Direct Site-to-Site Over Internet
If security regulations prevent the use of F5’s private backbone network, users can connect the CE sites directly to each other using IPSec tunnels (SSL encryption is not supported in this case). This is done using the Site Mesh Group (SMG) feature.
Note: Even when the CEs are a part of Site Mesh Group, they will still connect to the REs using encrypted tunnels as this is required for control plane connectivity.
When the sites are in an SMG, the data path traffic flows through the CE-CE tunnels as the preferred path. If this link fails, as a backup, the traffic gets routed to the REs and over the F5 network backbone to the other site.
The number of tunnels on each link between two CE sites depends on the number of control nodes they have. Two single-node sites are connected using only one tunnel. If any one of these sites has three control nodes, it forms three tunnels to the other site.
Figure: Number of tunnels between sites in a SMG
Pros:
- Sites are directly connected, so the data path is not dependent on RE.
- Easy connectivity over the internet
- Traffic is always encrypted in transit
- Eliminates the need to manually configure cross-site VPNs or SD-WAN.
Cons:
- Encryption and decryption require more CPU resources on CE nodes as performance requirements increase.
Note: L3 Mode Enhanced Performance can be enabled on the sites to get more performance from available CPU and memory resources, but this must be enabled when the site is used only for L3 connectivity as it reduces the resources available for L7 features.
Direct Site-to-Site Over Customer’s Network Backbone
The CE-CE tunnels can also be configured to be connected over a private network if end-to-end private connectivity is required. Customer can leverage their existing private connectivity between data centers provisioned using private NaaS providers like Equinix.

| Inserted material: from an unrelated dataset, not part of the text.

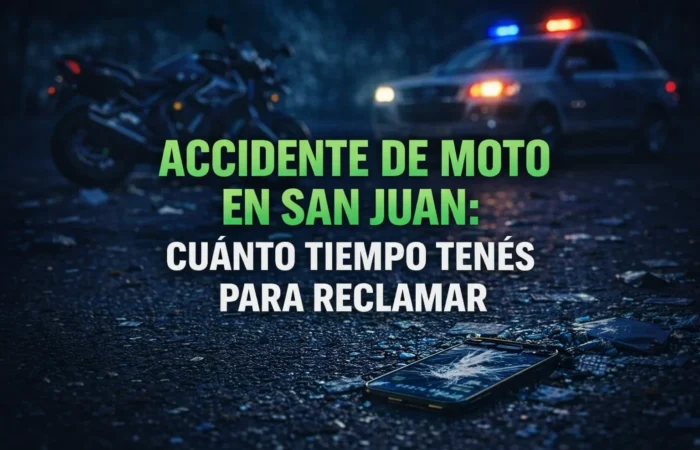 accidente de moto en San Juan reclamo indemnización plazo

The sites can either be connected directly using SMG where the connections are encrypted or using the DC Cluster Group (DCG) feature, which connects the sites using IP-in-IP tunnels (no encryption).
The number of tunnels on each link between two CE sites depends on the number of control nodes they have. Two single-node sites are connected using only one tunnel. If any one of these sites has three control nodes, it forms three tunnels to the other site.

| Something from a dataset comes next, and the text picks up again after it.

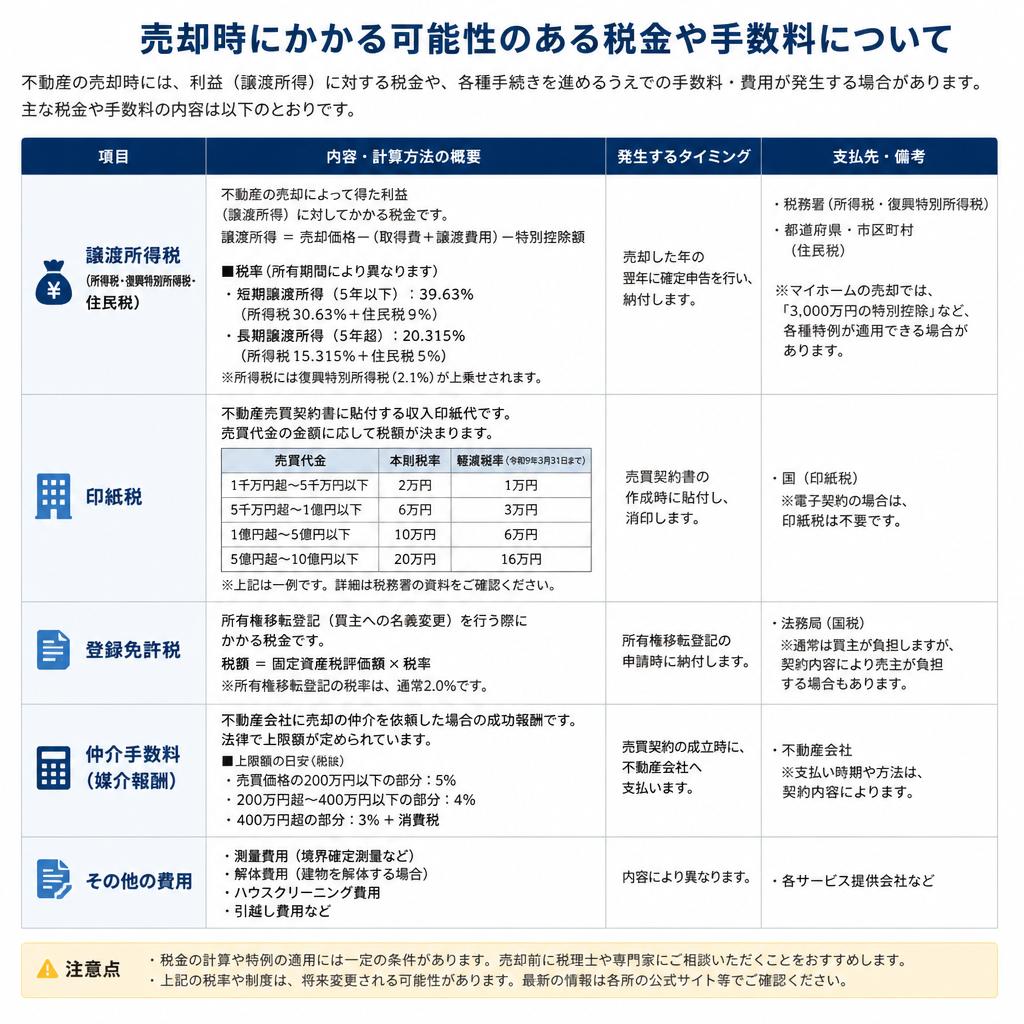 税金や手数料について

A DCG will give better performance, while an SMG is more secure. Unlike SMG, DCG does not fall back to sending RE-CE tunnels if private connectivity fails.
Pros:
- Data path confined within the customer’s private perimeter.

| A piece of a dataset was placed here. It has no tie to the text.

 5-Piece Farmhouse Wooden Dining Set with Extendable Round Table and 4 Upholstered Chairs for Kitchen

- Sites are directly connected, so the data path is not dependent on RE.
- Option to choose encrypted or unencrypted transit.
- Simplifies the ACLs on the physical network and allows users to manage segmentation using the F5 XC console.
Cons:
- Customer needs to manage the private connectivity across data centers or from the data center to the public cloud.
Direct Site-to-Site Connectivity Topologies
For direct site-to-site connectivity, sites can be grouped into Site Mesh Group (SMG) or DC Cluster Group (DCG). These allow sites to connect either in Full Mesh or Hub-Spoke topologies as described below:
Full Mesh Site Mesh Group
All sites that are part of a full-mesh SMG are connected to every other site using IPSec tunnels, forming a full-mesh topology.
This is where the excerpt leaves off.